Switzerland changes organ donation rules — Analysis
In Switzerland, those who did not explicitly ‘opt out’ during their lifetimes would now be assumed to have consented to have their organs taken for transplant upon their deaths, following a referendum on Sunday.
About 60 percent of Swiss voted for the government-backed measures, and just under 40 percent of eligible voters voted. Because the new rules are not yet in force, the government must inform citizens about the changes and establish a database for those who wish to withdraw from them.
The rules change will not apply to anyone 16 years or older. According to AFP the organs cannot be removed from patients who are deceased in the ICU, or were confirmed as dead by two doctors.
The government expects the measure to increase the number of organ donations, after 72 people died in 2021 while waiting for a transplant. Swisstransplant says that 1434 patients are on Switzerland’s donor organ waiting list, and 484 transplant recipients received their transplants by 2021.
Alex Frei (a former doctor) led the group of activists who advocated for regulation of public voting. They questioned whether it was ethical to assume consent from a patient in order to perform a medical procedure.
The referendum result “confirmed the positive attitude that [authorities] had always felt among the Swiss population when it comes to organ donation,”Alain Berset, Interior Minister, stated Sunday.

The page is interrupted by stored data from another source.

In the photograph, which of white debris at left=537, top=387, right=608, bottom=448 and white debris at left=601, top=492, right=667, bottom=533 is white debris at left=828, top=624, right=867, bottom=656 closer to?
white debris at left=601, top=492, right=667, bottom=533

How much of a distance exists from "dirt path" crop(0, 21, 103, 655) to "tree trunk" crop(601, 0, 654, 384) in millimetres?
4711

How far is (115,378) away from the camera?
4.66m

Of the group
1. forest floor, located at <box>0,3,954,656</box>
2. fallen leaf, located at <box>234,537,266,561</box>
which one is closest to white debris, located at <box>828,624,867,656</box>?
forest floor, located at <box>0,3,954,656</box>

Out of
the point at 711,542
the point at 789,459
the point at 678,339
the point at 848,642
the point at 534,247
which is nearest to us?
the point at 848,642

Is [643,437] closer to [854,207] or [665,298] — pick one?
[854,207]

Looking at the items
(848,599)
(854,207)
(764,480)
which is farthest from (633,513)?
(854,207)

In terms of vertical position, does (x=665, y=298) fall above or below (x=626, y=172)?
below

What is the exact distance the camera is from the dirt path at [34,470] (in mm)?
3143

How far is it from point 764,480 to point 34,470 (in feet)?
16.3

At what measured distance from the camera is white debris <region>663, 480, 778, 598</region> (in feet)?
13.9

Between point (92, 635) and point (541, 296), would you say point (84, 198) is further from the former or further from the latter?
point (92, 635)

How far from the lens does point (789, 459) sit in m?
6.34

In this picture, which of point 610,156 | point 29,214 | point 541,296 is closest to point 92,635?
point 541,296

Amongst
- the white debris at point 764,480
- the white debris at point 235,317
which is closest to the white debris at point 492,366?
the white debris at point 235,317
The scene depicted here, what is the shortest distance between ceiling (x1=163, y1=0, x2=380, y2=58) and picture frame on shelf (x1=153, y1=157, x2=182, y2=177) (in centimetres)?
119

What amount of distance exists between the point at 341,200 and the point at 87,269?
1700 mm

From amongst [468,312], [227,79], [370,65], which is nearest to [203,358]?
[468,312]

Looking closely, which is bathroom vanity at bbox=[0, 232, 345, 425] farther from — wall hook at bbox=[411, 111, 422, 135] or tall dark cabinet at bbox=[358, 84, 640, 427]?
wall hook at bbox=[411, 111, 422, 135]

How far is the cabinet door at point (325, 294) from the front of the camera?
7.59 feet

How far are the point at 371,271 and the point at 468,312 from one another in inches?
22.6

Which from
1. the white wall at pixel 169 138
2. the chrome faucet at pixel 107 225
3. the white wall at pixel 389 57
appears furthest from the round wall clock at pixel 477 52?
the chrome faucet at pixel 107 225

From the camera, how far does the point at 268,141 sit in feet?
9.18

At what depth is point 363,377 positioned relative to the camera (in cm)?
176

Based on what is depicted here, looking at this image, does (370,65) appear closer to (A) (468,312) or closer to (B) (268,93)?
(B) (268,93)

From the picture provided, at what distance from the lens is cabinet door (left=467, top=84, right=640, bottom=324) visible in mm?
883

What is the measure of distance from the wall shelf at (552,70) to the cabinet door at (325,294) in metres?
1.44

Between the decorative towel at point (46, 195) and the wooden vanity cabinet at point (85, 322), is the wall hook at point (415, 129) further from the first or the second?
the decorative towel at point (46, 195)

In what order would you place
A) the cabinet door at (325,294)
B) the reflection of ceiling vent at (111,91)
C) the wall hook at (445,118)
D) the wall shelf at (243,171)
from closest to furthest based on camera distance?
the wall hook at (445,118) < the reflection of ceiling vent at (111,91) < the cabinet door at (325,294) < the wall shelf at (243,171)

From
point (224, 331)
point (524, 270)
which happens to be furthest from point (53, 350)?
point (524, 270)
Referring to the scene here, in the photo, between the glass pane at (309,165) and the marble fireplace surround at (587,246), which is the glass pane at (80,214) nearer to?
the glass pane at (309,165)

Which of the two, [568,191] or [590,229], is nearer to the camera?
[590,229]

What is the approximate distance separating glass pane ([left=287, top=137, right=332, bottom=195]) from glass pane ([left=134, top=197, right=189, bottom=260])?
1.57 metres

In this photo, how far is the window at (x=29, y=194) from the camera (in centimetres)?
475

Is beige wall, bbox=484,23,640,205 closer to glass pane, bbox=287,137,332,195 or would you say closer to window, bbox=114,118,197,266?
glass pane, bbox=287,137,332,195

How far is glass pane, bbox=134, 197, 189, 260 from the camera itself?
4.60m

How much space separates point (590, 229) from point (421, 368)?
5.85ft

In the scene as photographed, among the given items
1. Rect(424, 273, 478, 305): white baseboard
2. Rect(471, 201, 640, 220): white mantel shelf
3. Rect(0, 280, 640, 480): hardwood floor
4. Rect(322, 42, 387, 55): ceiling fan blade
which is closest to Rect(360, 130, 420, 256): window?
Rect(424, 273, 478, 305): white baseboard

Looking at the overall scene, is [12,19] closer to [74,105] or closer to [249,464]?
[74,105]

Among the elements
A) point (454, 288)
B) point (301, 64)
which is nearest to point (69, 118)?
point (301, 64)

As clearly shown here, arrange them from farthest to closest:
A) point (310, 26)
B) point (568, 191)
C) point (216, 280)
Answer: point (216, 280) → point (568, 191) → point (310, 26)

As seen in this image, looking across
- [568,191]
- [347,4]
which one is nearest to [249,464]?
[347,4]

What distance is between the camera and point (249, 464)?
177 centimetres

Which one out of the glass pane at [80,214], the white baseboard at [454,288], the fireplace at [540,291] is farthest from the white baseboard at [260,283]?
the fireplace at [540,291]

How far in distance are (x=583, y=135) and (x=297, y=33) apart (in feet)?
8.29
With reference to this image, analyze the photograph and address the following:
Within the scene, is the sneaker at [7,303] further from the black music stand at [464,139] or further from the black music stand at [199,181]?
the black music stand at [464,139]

Frei stated that the results were distorted by misinformation about organ donation and people not understanding the process. “cold bodies”According to Swissinfo, brain-dead patients are kept alive in ICUs and in freezers.
Family members of the deceased will still have a say under the new rules, although critics claim it would place additional strain on the relatives who might feel forced not to object. Supporters, on the contrary, believe that pressing a grieving family to make decisions on behalf of their loved one is much more stressful. It was considered a superior alternative to another proposal without the requirement to consult family members.